First, you should revisit that "don't time the market" advice. First, understand where it came from. Stock brokers have a problem: they are supposed to watch the market and advise their customers, but if they make a mistake, they don't want the customer coming back around and saying "well, well, you told me wrong and you should be responsible for my losses". They also want to take the little people's money anytime they walk in the door, and not turn them away merely because market prices are not favorable right now. For business reasons they must have you believe it's always a good time to buy stocks. So they create this meme of "you can't time the market".
I don't have anything against trading strategies or doctrines, but they're not a suicide pact. You shouldn't follow the doctrine beyond reason, i.e. When facts on the ground are telling you something totally different. The first law of investing is Buy low, sell high, and that trumps every other strategy or doctrine.
If CNN has gone into 24-hour-coverage mode about the tanking of the stock market, and brokers are jumping out of windows, then go look at fundamentals. Did they also tank? If the fundamentals are still solid and the stock is underpriced because of panic, then it is low and you buy.
Brokers don't want to be financially responsible for telling you to do that, and don't want to deter you from investing at other times, so they won't tell you to do that. But are they doing that? Are their bosses doing that? Are investment bankers doing that? *Oh you betcha... that's who the buyers are, when ignorant sellers panic and sell low. If they really believed "don't time the market", then they wouldn't be doing that kind of opportunistic investing, would they? :)
So yes.
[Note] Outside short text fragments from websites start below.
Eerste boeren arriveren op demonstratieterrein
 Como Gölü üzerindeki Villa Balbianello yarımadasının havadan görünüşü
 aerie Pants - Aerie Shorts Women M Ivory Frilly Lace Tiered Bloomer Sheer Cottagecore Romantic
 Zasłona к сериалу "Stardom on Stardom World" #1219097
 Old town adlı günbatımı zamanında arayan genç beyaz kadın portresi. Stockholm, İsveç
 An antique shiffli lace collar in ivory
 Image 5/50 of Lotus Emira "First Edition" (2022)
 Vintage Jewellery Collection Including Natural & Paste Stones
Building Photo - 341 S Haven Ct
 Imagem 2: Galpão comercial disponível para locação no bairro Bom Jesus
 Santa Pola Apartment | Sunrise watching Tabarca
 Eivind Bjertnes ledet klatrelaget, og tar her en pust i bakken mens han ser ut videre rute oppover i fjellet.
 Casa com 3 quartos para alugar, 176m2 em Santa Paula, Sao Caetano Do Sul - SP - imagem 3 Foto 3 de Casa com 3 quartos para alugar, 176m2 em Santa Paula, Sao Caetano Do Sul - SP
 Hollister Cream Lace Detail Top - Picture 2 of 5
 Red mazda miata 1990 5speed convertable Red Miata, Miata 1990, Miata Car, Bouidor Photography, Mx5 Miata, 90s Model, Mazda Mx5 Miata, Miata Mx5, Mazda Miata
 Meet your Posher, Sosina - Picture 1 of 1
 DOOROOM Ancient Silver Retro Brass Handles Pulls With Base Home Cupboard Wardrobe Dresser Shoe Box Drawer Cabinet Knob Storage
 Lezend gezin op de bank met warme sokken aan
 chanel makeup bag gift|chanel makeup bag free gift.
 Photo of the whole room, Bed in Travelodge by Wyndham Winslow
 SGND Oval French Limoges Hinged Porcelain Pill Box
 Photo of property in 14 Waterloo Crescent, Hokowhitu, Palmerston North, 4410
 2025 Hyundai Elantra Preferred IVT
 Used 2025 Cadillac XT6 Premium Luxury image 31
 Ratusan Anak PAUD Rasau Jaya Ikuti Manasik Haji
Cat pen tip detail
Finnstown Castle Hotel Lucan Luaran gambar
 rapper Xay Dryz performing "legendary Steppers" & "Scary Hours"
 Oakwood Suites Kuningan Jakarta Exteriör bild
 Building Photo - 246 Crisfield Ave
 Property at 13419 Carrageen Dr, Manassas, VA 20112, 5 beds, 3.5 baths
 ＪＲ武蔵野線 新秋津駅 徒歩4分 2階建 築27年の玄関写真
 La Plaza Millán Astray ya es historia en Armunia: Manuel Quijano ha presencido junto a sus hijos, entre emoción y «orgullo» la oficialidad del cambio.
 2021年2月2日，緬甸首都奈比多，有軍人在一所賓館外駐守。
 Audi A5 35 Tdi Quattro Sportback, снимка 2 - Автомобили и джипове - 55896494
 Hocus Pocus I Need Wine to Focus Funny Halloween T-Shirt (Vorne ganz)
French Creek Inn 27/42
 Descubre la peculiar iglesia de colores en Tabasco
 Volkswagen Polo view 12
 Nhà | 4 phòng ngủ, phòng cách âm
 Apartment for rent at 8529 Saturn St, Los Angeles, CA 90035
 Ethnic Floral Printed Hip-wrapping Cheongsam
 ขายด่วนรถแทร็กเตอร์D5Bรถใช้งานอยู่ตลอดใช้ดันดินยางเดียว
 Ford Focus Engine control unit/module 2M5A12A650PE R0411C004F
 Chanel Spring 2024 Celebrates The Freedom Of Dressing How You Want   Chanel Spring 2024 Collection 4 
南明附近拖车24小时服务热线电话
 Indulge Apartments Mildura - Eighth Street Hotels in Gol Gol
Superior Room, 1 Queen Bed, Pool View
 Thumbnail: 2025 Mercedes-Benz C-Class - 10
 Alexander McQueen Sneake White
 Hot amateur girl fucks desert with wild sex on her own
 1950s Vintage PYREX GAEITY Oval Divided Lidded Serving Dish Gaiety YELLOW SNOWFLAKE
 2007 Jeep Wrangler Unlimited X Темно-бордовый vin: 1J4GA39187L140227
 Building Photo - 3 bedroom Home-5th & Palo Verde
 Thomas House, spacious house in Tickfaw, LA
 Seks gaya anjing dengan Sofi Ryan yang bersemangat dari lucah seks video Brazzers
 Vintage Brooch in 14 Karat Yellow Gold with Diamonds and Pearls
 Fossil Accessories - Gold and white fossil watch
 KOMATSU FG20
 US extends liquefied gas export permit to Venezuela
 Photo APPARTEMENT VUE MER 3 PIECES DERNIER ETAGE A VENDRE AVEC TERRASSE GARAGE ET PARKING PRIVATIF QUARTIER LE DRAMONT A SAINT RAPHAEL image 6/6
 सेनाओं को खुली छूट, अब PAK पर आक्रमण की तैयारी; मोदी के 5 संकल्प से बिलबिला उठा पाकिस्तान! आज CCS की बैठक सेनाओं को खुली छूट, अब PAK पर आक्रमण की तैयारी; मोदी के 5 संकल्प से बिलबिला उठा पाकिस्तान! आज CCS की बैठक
When Wall Street is having a half-off sale, you certainly should be flipping over couch cushions to invest money that you wouldn't otherwise have invested.
So I hope I have disabused you of the notion that timing the market is "ooga booga" bad.
Rebalancing is the best and surest way to time the market
And back to, "this is what the pros do with their own and with institutional money". Rebalancing is gold-plate strategy for endowments, for instance, which are supervised by the smartest investment bankers in the world, as part of their role on university boards.
And back to the laws of investing, you are absolutely correct: rebalancing means you buy low when low stock prices have shrunk its fraction of your portfolio, and you sell high when high stock prices have made them an outsize proportion of your portfolio.
And you are correct that "buy low, sell high" stands in direct contradiction to "don't time the market". Both can't be correct at once. "Buy low" is correct, "don't time" is wrong.